The most difficult form of denial to overcome is when powerful forces have a financial interest in hiding the truth. Today’s misinformation campaign against climate change being waged by the petroleum industry is remarkably similar to the tobacco industry’s campaign to deny the effects of cigarettes on health. The petroleum industry will continue to fund a campaign against the scientific consensus on global warming as long as they can get away with it. They know that whenever there is a fight to be waged by a small special interest against the common good, the Republican Party can be counted upon to back the special interest in return for campaign contributions. They can also count on conservatives to be easy to trick into following along as long as they repeat the correct right-wing mantras.

The petroleum industry now has more than just scientists to contend with. Other industries are realizing that climate change is both real and is affecting their bottom line. The New York Times reports:

Coca-Cola has always been more focused on its economic bottom line than on global warming, but when the company lost a lucrative operating license in India because of a serious water shortage there in 2004, things began to change.
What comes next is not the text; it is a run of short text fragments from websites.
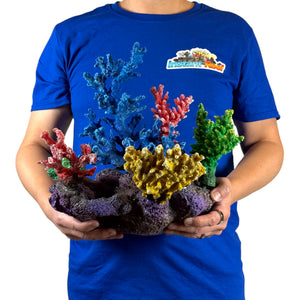 3G-DM058 Small Reef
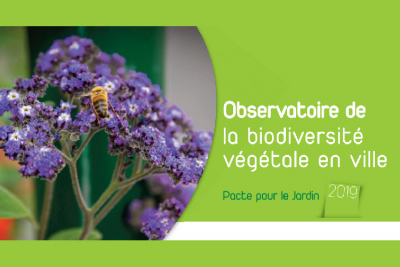 Observatoire de la Biodiversité Végétale en Ville : L’enquête 2019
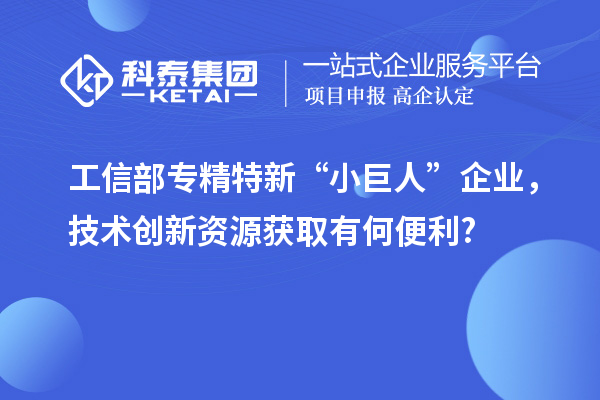 工信部專精特新 “小巨人” 企業(yè)，技術(shù)創(chuàng)新資源獲取有何便利?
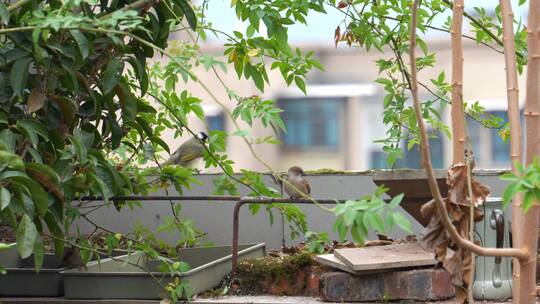 秋天屋顶阳台上觅食的麻雀群视频素材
Today, after a decade of increasing damage to Coke’s balance sheet as global droughts dried up the water needed to produce its soda, the company has embraced the idea of climate change as an economically disruptive force.

“Increased droughts, more unpredictable variability, 100-year floods every two years,” said Jeffrey Seabright, Coke’s vice president for environment and water resources, listing the problems that he said were also disrupting the company’s supply of sugar cane and sugar beets, as well as citrus for its fruit juices. “When we look at our most essential ingredients, we see those events as threats.”

Coke reflects a growing view among American business leaders and mainstream economists who see global warming as a force that contributes to lower gross domestic products, higher food and commodity costs, broken supply chains and increased financial risk. Their position is at striking odds with the longstanding argument, advanced by the coal industry and others, that policies to curb carbon emissions are more economically harmful than the impact of climate change.

“The bottom line is that the policies will increase the cost of carbon and electricity,” said Roger Bezdek, an economist who produced a report for the coal lobby that was released this week. “Even the most conservative estimates peg the social benefit of carbon-based fuels as 50 times greater than its supposed social cost.”

Some tycoons are no longer listening.

At the Swiss resort of Davos, corporate leaders and politicians gathered for the annual four-day World Economic Forum will devote all of Friday to panels and talks on the threat of climate change. The emphasis will be less about saving polar bears and more about promoting economic self-interest.

The irony is that many of the right wingers conned into opposing the scientific consensus have been misled to believe that there is some sort of conspiracy to use climate change to destroy the economy. The reality is that those of use who are concerned about preserving our economy realize that climate change is one of the most serious challenges we fact.